Most people have felt that panicked feeling when they realize their bank card or credit card is missing, wondering whether it is misplaced or stolen, and what the next step should be. But Actor Tom Hanks didn’t need to worry long after losing his credit card on the reported mean streets of a New York City, because a kind stranger named Tony returned it immediately after he found it.
Tom took to Twitter to thank the man for the return of his card, although it is not certain how the card was returned to Tom, in person or via liaison. He referred to the man simply as “Tony” in his tweet.
“A guy named Tony found my credit card on the street in NYC and returned it! Tony! You make this city even better! Thanx. Hanx.”

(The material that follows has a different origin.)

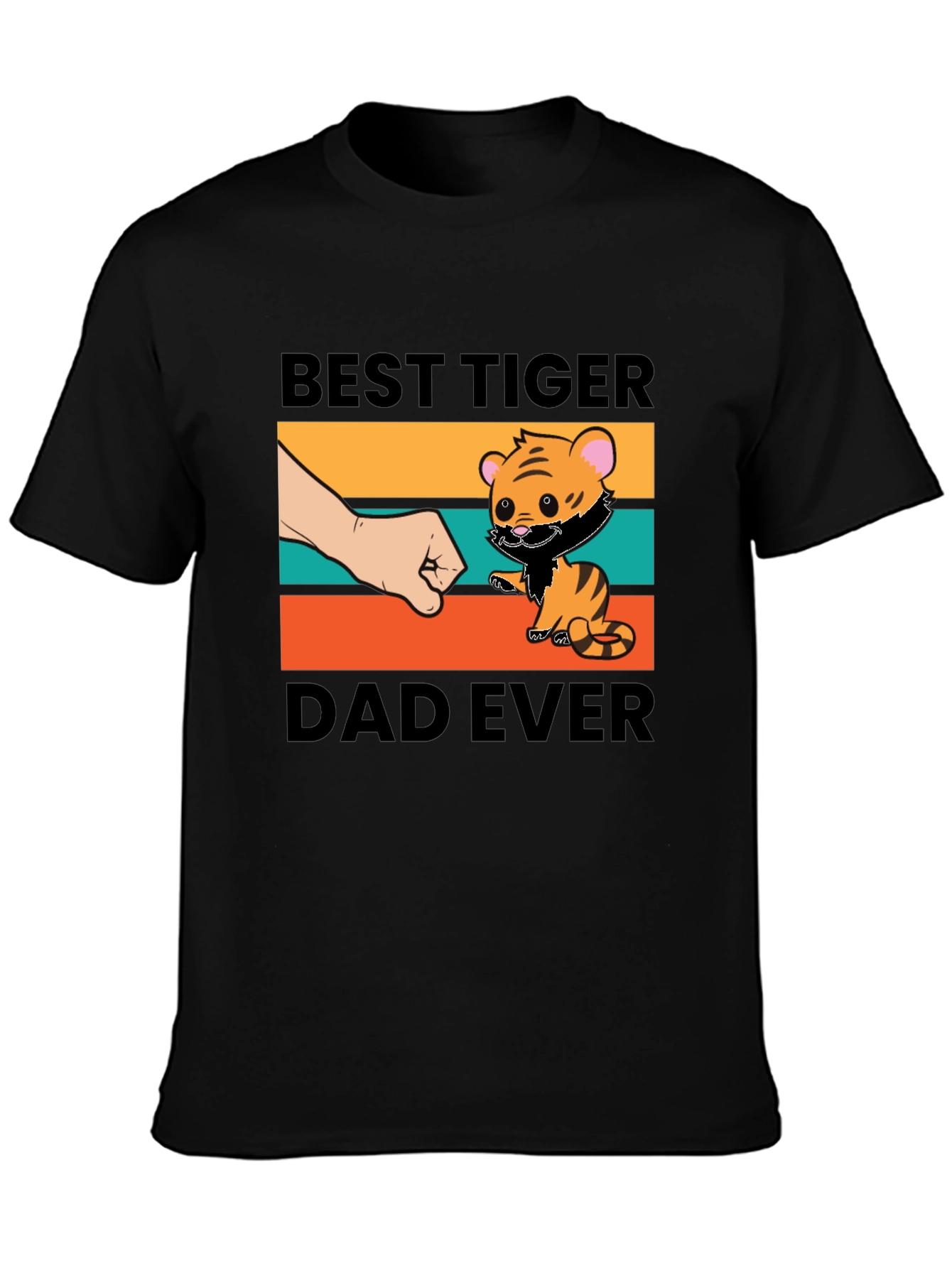 Best Tiger Dad Ever T-Shirt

The tweet was re-tweeted and favorited on Twitter thousands of times within hours of its posting, with many kind words for the man who returned the card. While it’s not clear on how long that card had been missing or if it was cancelled, it certainly seemed that it had not been used during its disappearance.
Credit card losses and thefts are extremely common. In fact, on March 7, in the same city where Hanks’ card was lost and returned, a man named Thomas E. Simmons III, 40, was charged with larceny over $250, improper use of a credit card over $250, and identity fraud. Although Simmons is not believed to be related to Hanks’ case, it illustrates how problematic the theft of credit cards can be, and can take years to recover from when it comes to identity theft and credit reports.
In the Simmons case, police received a report on January 31 that someone had fraudulently used a credit card at the Tewksbury Wal-Mart. The woman said she still possessed all of her credit cards, so it was a case of a stolen number, an increasingly prevalent crime around the world. In the case of that crime, Tewksbury police had to give chase to the man.
“Danvers Police arrested Simmons after a brief foot chase. Danvers Police charged Simmons with 3 counts of larceny over $250, credit card fraud over $250, possessing a forged registry document and possessing equipment to make fraudulent credit cards. Simmons was able to post bail in Danvers. When he did, Tewksbury Police arrested him on the Tewksbury charges and brought him to Tewksbury Headquarters where he was denied bail. Tewksbury detectives believe that Simmons was obtaining stolen credit card numbers and making credit cards to commit these crimes.”
As credit card and identity theft is on the rise, someone as presumably wealthy as Tom Hanks was indeed fortunate that a kind stranger returned his card rather than attempting to exploit the fact it had been lost.